Pet Safe De Icer
Safe Paws came into pet supplies markets in 1995, the culmination of over a decade’s worth of research and testing to offer the general public a safe de-icer that wouldn’t harm pets.
Gaia means Mother Earth, and we work very hard to protect our Mother. In 1986, our founder Mr. Greenwald, developed Safe Thaw for an industrial client, a nuclear facility that needed a non-corrosive de-icer. Nothing like that existed on the market, so Mr. Greenwald – a chemical engineer – spent years developing one. While industrial clients loved Safe Thaw, it was a hard sell for retailers.

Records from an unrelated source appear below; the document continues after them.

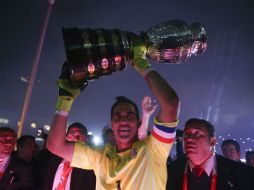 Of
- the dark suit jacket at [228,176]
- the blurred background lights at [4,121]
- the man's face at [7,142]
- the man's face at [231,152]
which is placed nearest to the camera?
the dark suit jacket at [228,176]

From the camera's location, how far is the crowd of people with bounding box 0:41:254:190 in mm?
2355

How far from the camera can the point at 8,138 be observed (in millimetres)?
5133

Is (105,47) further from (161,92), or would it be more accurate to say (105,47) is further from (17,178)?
(17,178)

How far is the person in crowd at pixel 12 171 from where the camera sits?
177 inches

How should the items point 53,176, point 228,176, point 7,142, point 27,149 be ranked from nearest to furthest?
point 228,176 < point 53,176 < point 7,142 < point 27,149

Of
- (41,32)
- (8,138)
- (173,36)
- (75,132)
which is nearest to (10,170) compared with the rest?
(8,138)

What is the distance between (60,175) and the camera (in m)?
4.01

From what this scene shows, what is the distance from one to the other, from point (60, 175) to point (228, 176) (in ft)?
7.31

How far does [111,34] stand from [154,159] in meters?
1.10

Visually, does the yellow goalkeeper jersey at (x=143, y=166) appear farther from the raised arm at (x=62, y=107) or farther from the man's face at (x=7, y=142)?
the man's face at (x=7, y=142)

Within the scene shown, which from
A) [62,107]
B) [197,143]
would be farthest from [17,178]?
[197,143]

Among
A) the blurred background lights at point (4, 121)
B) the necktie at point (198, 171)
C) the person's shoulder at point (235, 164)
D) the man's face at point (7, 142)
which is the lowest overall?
the blurred background lights at point (4, 121)

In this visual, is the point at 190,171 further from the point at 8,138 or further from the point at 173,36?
the point at 8,138

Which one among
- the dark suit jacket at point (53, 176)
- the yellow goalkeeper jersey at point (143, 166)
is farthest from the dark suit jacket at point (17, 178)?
the yellow goalkeeper jersey at point (143, 166) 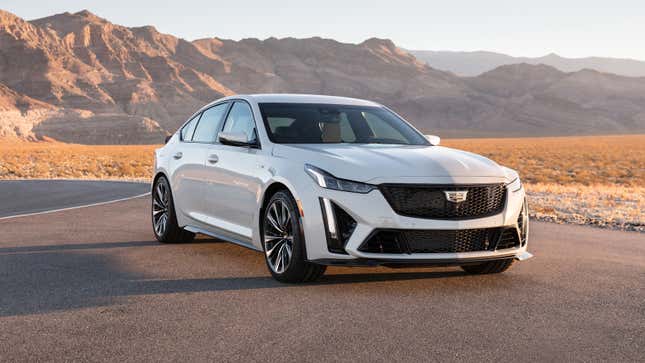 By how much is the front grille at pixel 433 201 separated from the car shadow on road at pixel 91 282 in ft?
3.22

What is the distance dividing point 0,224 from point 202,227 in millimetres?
4988

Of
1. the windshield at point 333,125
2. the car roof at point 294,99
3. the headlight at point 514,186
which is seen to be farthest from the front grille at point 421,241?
the car roof at point 294,99

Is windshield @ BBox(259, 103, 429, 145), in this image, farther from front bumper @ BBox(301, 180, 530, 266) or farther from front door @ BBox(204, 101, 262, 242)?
front bumper @ BBox(301, 180, 530, 266)

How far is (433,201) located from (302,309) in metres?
1.43

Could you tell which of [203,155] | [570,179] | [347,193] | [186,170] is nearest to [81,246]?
[186,170]

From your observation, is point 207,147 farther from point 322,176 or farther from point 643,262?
point 643,262

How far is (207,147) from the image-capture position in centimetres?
909

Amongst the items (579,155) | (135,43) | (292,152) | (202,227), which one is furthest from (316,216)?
(135,43)

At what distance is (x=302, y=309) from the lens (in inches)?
249

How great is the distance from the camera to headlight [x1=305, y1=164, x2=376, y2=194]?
268 inches

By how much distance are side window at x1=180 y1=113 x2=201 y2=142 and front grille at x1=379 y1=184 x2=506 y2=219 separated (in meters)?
3.75

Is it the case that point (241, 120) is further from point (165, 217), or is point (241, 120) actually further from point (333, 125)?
point (165, 217)

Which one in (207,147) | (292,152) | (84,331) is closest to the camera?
(84,331)

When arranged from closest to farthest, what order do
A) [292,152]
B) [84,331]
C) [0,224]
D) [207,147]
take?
[84,331] < [292,152] < [207,147] < [0,224] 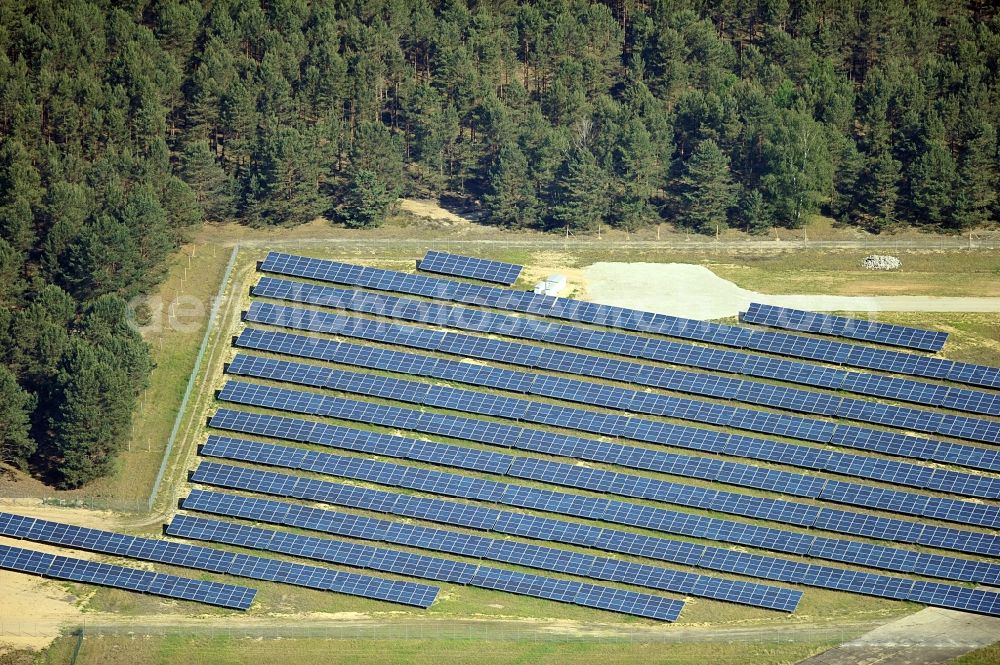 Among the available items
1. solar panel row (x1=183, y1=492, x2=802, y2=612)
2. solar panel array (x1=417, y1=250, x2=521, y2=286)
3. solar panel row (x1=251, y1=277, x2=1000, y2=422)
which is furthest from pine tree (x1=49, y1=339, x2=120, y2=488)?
solar panel array (x1=417, y1=250, x2=521, y2=286)

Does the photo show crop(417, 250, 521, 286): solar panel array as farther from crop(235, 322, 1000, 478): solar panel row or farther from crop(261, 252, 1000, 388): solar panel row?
crop(235, 322, 1000, 478): solar panel row

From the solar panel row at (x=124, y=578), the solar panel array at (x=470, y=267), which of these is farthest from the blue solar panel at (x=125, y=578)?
the solar panel array at (x=470, y=267)

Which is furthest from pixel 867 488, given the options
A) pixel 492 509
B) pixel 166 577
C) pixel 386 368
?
pixel 166 577

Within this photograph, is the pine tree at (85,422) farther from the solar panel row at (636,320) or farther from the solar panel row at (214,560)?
the solar panel row at (636,320)

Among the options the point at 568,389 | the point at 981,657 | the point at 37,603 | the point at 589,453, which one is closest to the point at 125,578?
the point at 37,603

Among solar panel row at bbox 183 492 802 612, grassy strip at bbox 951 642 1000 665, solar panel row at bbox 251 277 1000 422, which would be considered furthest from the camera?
solar panel row at bbox 251 277 1000 422

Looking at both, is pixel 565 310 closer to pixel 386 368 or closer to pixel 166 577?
pixel 386 368

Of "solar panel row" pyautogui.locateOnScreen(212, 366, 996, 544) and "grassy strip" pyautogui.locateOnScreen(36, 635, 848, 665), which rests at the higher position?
"solar panel row" pyautogui.locateOnScreen(212, 366, 996, 544) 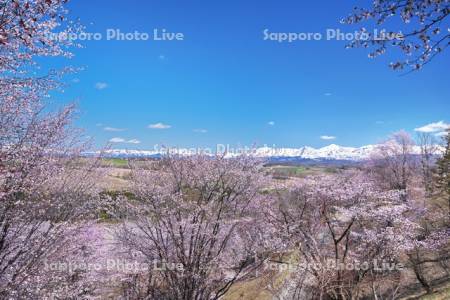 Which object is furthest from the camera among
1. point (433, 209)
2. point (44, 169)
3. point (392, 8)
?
point (433, 209)

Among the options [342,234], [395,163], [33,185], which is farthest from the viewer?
[395,163]

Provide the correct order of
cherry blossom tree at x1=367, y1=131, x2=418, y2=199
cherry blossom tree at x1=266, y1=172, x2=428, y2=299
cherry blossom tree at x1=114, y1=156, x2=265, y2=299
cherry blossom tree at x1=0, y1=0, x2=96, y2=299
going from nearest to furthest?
cherry blossom tree at x1=0, y1=0, x2=96, y2=299 < cherry blossom tree at x1=114, y1=156, x2=265, y2=299 < cherry blossom tree at x1=266, y1=172, x2=428, y2=299 < cherry blossom tree at x1=367, y1=131, x2=418, y2=199

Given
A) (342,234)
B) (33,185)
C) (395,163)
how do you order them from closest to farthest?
1. (33,185)
2. (342,234)
3. (395,163)

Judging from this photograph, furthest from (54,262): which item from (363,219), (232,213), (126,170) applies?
(363,219)

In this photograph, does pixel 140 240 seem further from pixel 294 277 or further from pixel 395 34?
pixel 395 34

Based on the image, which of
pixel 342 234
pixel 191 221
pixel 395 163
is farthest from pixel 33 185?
pixel 395 163

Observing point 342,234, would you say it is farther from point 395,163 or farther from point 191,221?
point 395,163

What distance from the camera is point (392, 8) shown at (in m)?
5.27

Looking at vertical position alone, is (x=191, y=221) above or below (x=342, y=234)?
above

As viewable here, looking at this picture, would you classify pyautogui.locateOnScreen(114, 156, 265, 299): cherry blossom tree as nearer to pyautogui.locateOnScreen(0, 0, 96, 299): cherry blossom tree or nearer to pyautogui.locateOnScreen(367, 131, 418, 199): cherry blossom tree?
pyautogui.locateOnScreen(0, 0, 96, 299): cherry blossom tree

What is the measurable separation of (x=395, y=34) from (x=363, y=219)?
13.9 m

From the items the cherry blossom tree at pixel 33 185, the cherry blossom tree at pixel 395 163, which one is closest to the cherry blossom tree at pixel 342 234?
the cherry blossom tree at pixel 33 185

One winter, the Greenwald family dog suffered painful sores from rock salt outside. What a pitiful sight! It steeled Mr. Greenwald’s resolve to bring to the broader market a product that animals could safely walk on. Research into the dangers of common salt-based de-icers led him to further ensure that animals could also safely ingest the product.
After years of work, Safe Paws made it into pet supply retailers like PetCo. Without any real competition in the pet-safe de-icer market, it sold like hotcakes once word got out! Pet owners like that the tiny greenish pellets are shaped in a way that doesn’t hurt animal paws. They can also see exactly where they have spread them, and can choose yo pour or sprinkle when they buy the Sae Paws containers that have adjustable lids hat spin for pouring or sprinkling (ironically, much in the way that some salt containers can be used).
If you’ve ever looked at a Safe Paws container, you may have noticed that there is an asterisk next to the statement that it is safe to use the product on concrete. This is because the concrete must be at least a year old – have been poured over a year prior to using Safe Paws.
Many people believe that the corrosive nature of de-icing salt is what makes the scaling and pitting, and outright holes (for instance, potholes) that appear over the winter in colder climates. Not true. If you look at concrete surfaces that have NOT been salted all winter, you will see this sort of damage as well. What de-icing does is increase the occurrences of thawing (and thus, re-freezing) in the freeze/thaw cycle, causing more damage because there is more fluid to absorb, and more often.
No matter what product you use, shovel slush after the ice has melted to prevent water from seeping into your concrete. Concrete is porous and will absorb water. If melted snow and ice are left standing on your driveway or sidewalk, the concrete will absorb the water. Once the temperature dips, the absorbed water will freeze again, causing big problems like scaling and flaking. Newly-poured concrete less than a year old is especially susceptible to damage caused by the thaw/freeze cycle.
Safe Paws should not be used on concrete that was poured less than a year prior to use date. You do not need too much product – a little goes a long way – but spread too thin, this product, like any other, will not break up enough of the ice, but will only make little holes in the ice here and there where it landed. Ensure an even spread of the product and then shovel up the slush made by it to prevent absorption of water by your concrete.
Put Safe Paws down as a preventative measure before snow and ice arrive to keep ice from forming a slippery sheet under the snow or treat shoveled areas with the pet safe de icer to melt leftover ice and snow.